Africa’s richest man, Aliko Dangote is seeking to draw investors into the planned listing of his refinery business by anchoring returns to United States dollar-denominated dividends, as he prepares to float about 10 per cent minority stake in one of Africa’s largest industrial assets to fund a sweeping expansion programme.
The billionaire industrialist plans to sell about 10 per cent of Dangote Petroleum Refinery and Petrochemicals Fze through a listing across multiple African stock exchanges, in a move aimed at unlocking long-term capital for the next phase of growth in his energy and industrial empire.

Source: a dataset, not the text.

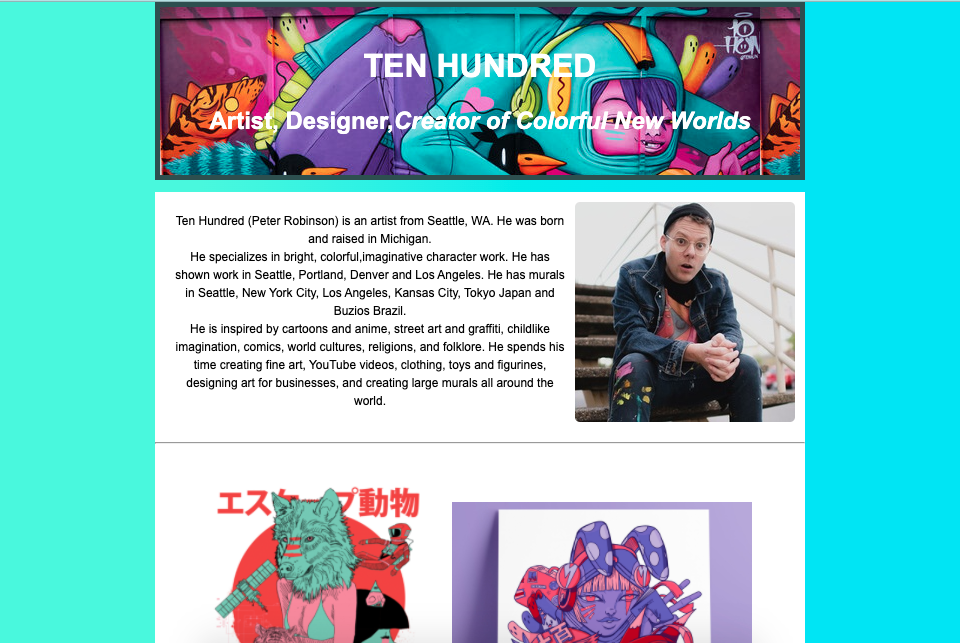 image of a website about the artist Ten Hundred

Under the proposed structure, shareholders in the refinery business will receive dividends in US dollars after the initial public offering, a feature designed to enhance the appeal of the asset to foreign and local investors amid persistent currency pressures in several African markets. The company has appointed Stanbic IBTC Capital, Vetiva Advisory Services and FirstCap as advisers on the transaction.
Dangote said the listing size would be “as much as possible, maybe 10 per cent or so.” The offer could open as early as May, depending on regulatory approvals and market conditions, and is expected to rank among the most significant equity market transactions on the continent.
The fundraising forms part of a broader $40bn investment programme over the next five years, targeted at expanding refining and fertiliser capacity while deepening the group’s industrial footprint across Africa. The strategy reflects a shift toward capital market funding as the group scales its integrated manufacturing and energy operations.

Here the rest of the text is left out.